# Southern NH/Mass guidance



## Riverhawk (Aug 23, 2014)

Planning on visiting Hayes Haus, Brown Hill, and Abbey soon. I feel I can handle a working and/or show line. We have a good chunk of land. I can't seem to find anything here on about BrownHill Shepards. I've also read Abbey has only working lines.

1. Anyone have opinions on these or other kennels?

2. Just started researching, but does color(black, sable, black/tan) dictate the activity level of the dog?


----------



## JakodaCD OA (May 14, 2000)

Brown hill has american show lines. I knew her way back when She used to, not sure she still does, make the BEST leather leashes, called The Leash Lady


----------



## Riverhawk (Aug 23, 2014)

JakodaCD OA said:


> Brown hill has american show lines. I knew her way back when She used to, not sure she still does, make the BEST leather leashes, called The Leash Lady


That's her! Any info about her dogs? Thanks.


----------



## John C. (Mar 6, 2013)

I believe Abby Kennels has only working lines. It's owner is a national level schutzhund competitor. For working lines in New England you might also look at von Hena c and Kavalerie, although the latter is in northern Vermont.

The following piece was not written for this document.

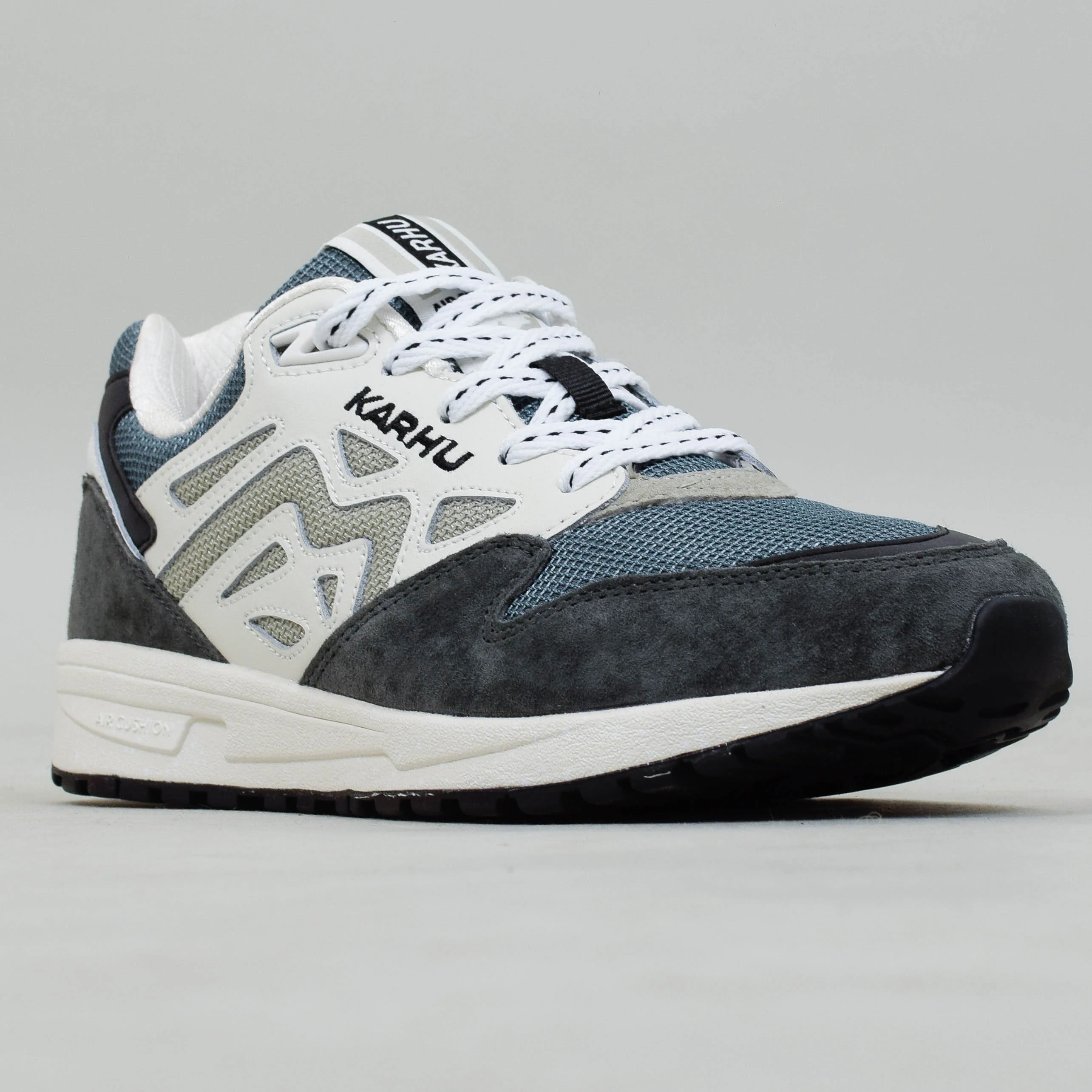 Karhu Legacy 96 - Gunmetal/Abbey Stone - Image 2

For show lines, I have a puppy from Olympia Kennels in Southern NH that I've been pretty happy with. Fantastic temperament and he's starting to become a good looking dog - at least IMHO Monroe Haus in RI also has beautiful WGSL dogs. I think Traumhof also breeds WGSL's.

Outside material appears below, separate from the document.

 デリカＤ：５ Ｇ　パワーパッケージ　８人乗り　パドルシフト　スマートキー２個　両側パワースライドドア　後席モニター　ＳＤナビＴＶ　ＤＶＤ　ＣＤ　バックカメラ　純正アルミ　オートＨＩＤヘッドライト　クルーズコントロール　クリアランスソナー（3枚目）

What exactly do you want to do with your dog? What are you looking for?

As far as colors - solid black and sable tend to be from working lines. West German show lines are more likely to be black and red. However, other than that basic division, you can't predict energy level and drive based on the color of the parents. Some WGSL's can have a ton of prey drive, some sables can have low prey drive.

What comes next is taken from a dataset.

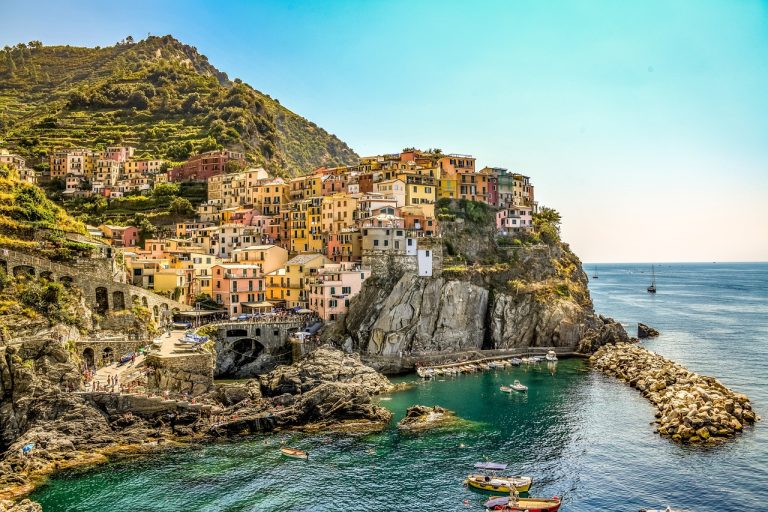 Cinque Terre e Alpi Apuane: gli eremi che sussurrano alla natura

Finally, a lot of prey drive is not necessarily mean they don't have an off switch. Some high drive dogs basically have an off switch and can be fairly mellow when they are not on the field. You need to speak with those breeders you are interested in and find out about the lines they are using. You also need to be honest with them about your previous experience and what you are looking for. Even a working line breeder like Abby Kennels may have a couple of pups in each litter that have lower drives and more suitable for a pet home, rather than a working home.

Hope this helps.


----------



## BUBBAGSD (Jul 16, 2010)

*brownhill*

Hi Riverhawk

We have met Emily and her dogs at a few shows here in Canada , She has smart versatile GSD's that are not only good companions also good in other venues. Her dogs have great temperaments and have lines with good longevity. We would definitely get a Brownhills dog, another breeder in New Hampshire you might want to look at is Frank De Bem at kysarah german shepherds in Hancock


----------



## AmazingGrace (Oct 21, 2014)

*Abby Kennels, be careful*

I know KL and would not use the kennel or buy a K9 from him. Have a look at yelp reviews etc.
I know Olympia Kennels in NH is far better, they are outstanding.


----------